Knowledge of anatomical variations could be of significance during diagnosis & various surgical procedures. Liquidato et al(21) stressed the importance of knowledge while differentiating cervical masses. Stockstill et al (27) stated that the variability of these muscles may be related to the unusual jaw movements. Such cases of unilateral anatomical variations are of quite clinical importance as they produce asymmetry in neck or movements at the floor of mandible (17, 21) or may affect temporo-mandibular joint (28).
Variations in anterior belly should be known especially in evaluation of submental region & also in evaluation of tumor in floor of mouth and staging of the tumors using CT Scan & MRI.

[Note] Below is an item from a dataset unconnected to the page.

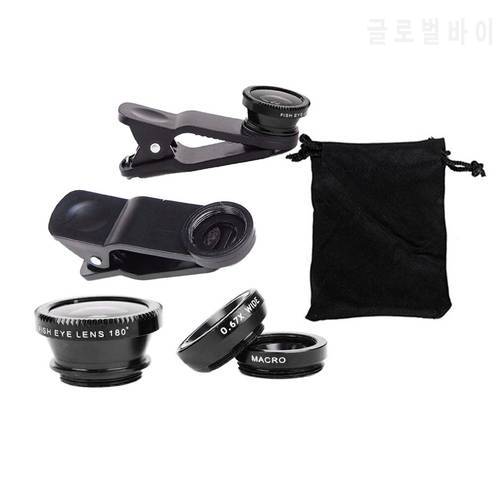 Phone Lens 360 Degree Rotate Shark Tail Shaped Clip Photo Camera Lens Kits 180 Degree Fish Lens 0.65X Wide Angle 10X Macro Lens
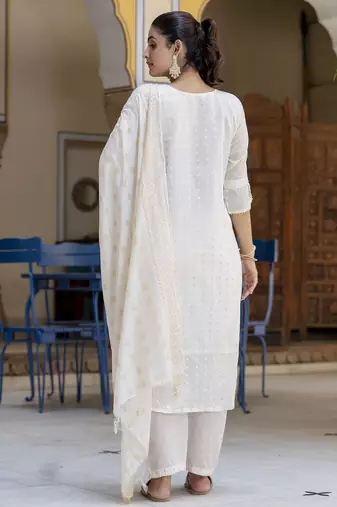 off-white chanderi silk festive kurta set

It is very essential to differentiate the anterior belly of diagastric during mobilization of myo-cutaneous flaps of platysma in reconstructive procedures or during removal of metastatic lymph nodes.
Conclusion
Unilateral and bilateral variations in anterior belly occur equally. Symmetrical variations are uncommon. Accessory belly frequently cross midline and attached over the mylohyoid muscle.
Variations of anterior belly of diagastric have radiological as well as surgical importance. Since these may mislead while evaluating submental region for detection of tumors or staging of tumors using C. T. or M.R.I.